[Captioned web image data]

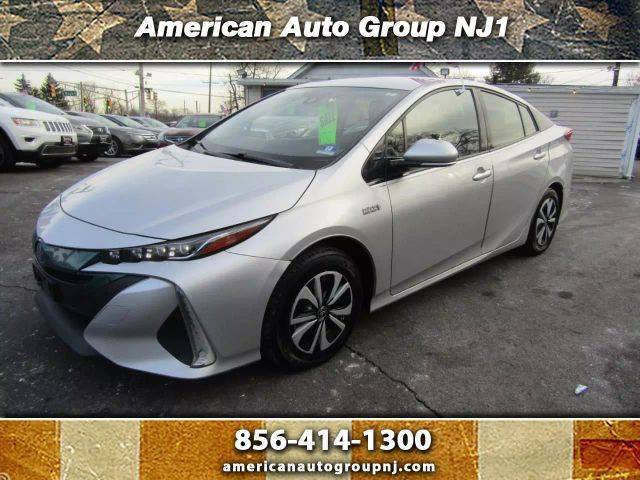2017 Toyota Prius Prime Plus FWD photo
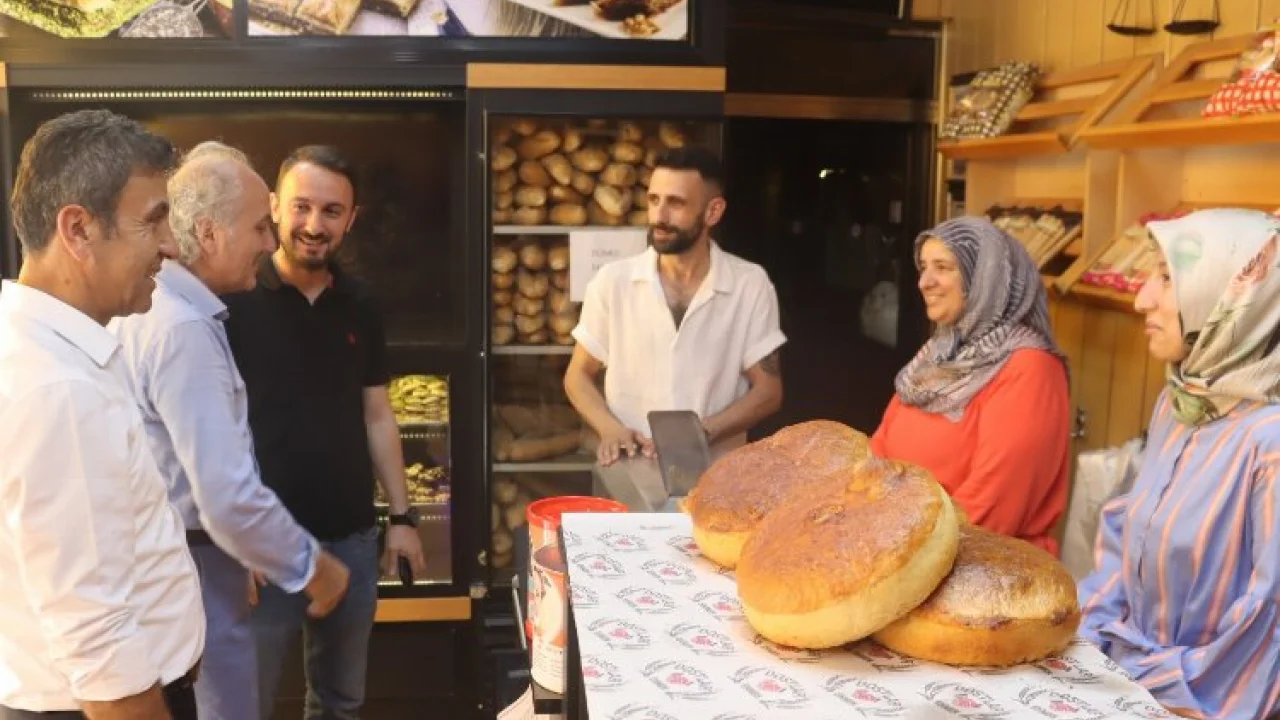 İzmit Belediyesi esnaf ziyaretlerini sürdürüyor -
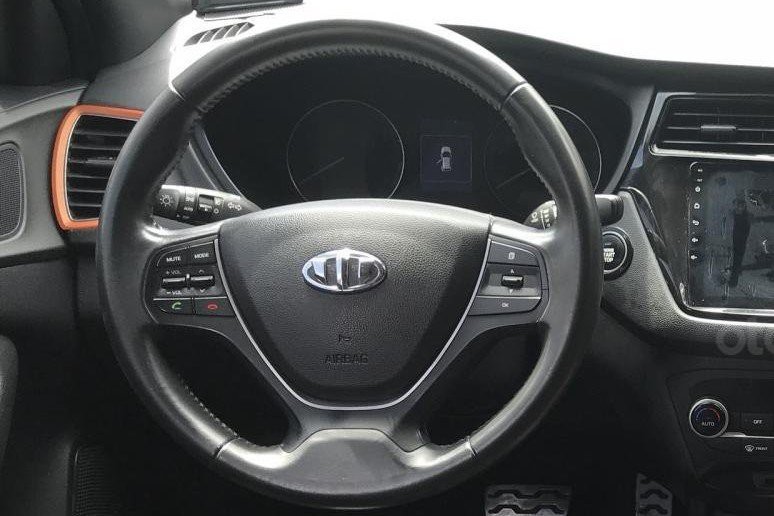 Vô lăng xe Hyundai i20 Active 2015 1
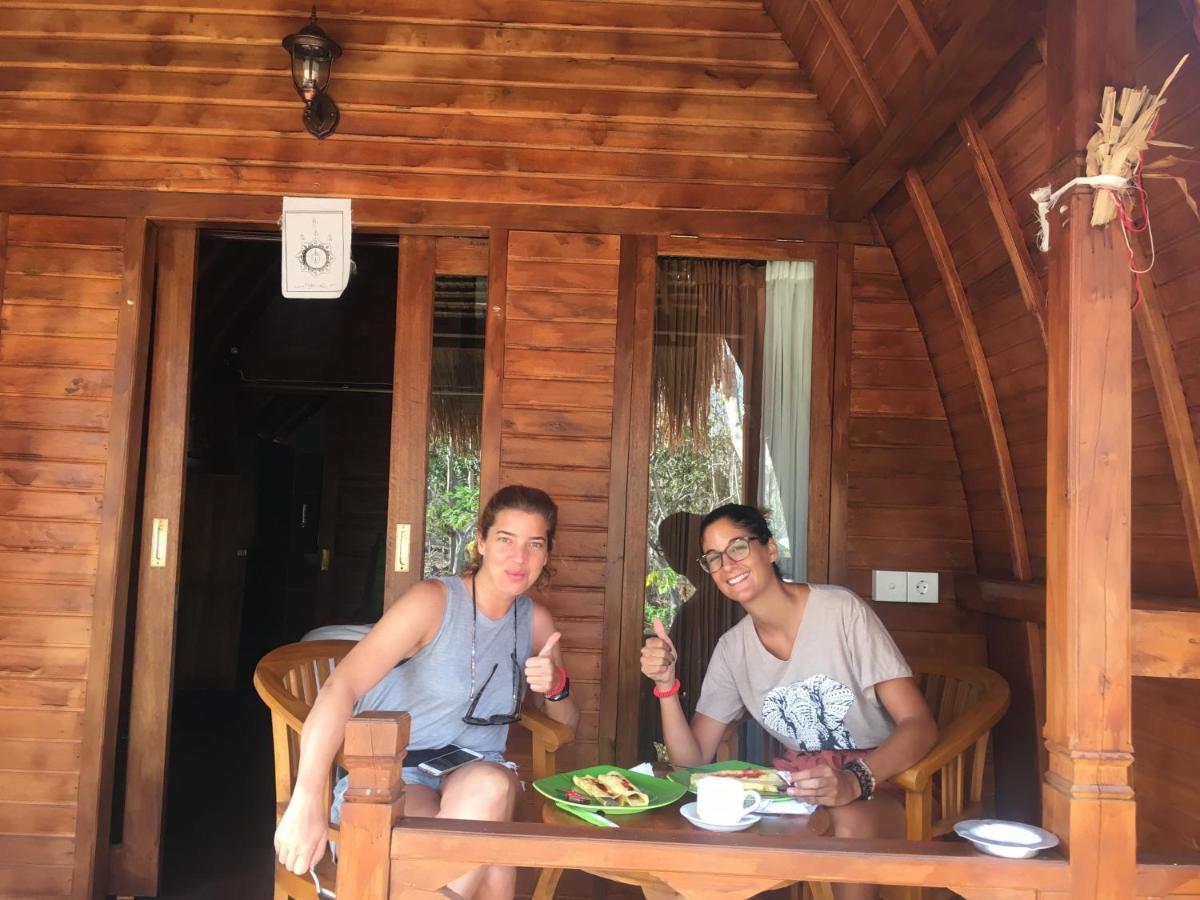 Bougainvillea Bungalow Batumadeg Esterno foto
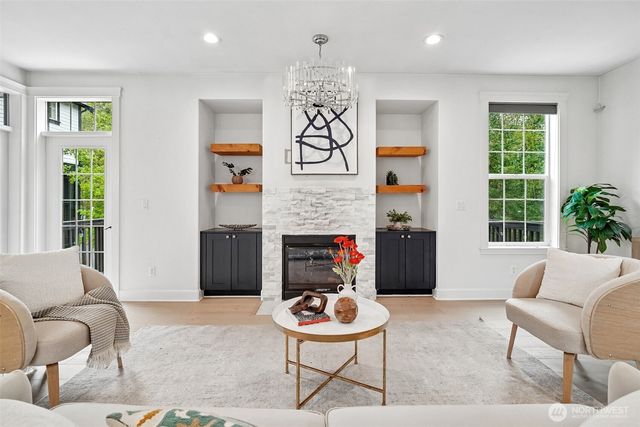 2166 NE Morgan Lane, Issaquah, WA 98029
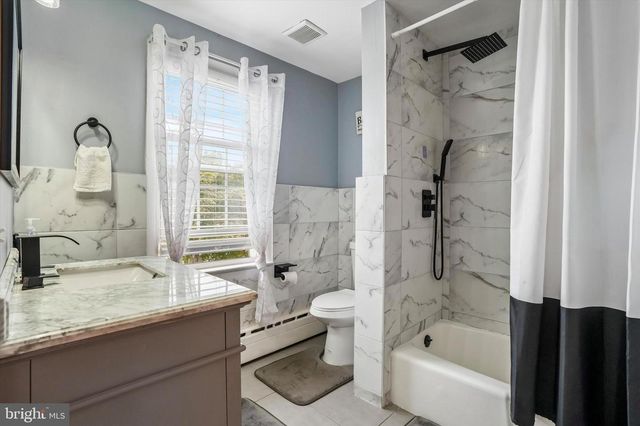 162 REDFERN ST, Hamilton, NJ 08610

• TASK DETAILS: Leaving out all pictures, print exactly the lines above from the one containing "İzmit Belediyesi esnaf" through the last line of the entries.

• ANSWER TO THIS TASK:
 İzmit Belediyesi esnaf ziyaretlerini sürdürüyor -
 Vô lăng xe Hyundai i20 Active 2015 1
 Bougainvillea Bungalow Batumadeg Esterno foto
 2166 NE Morgan Lane, Issaquah, WA 98029
 162 REDFERN ST, Hamilton, NJ 08610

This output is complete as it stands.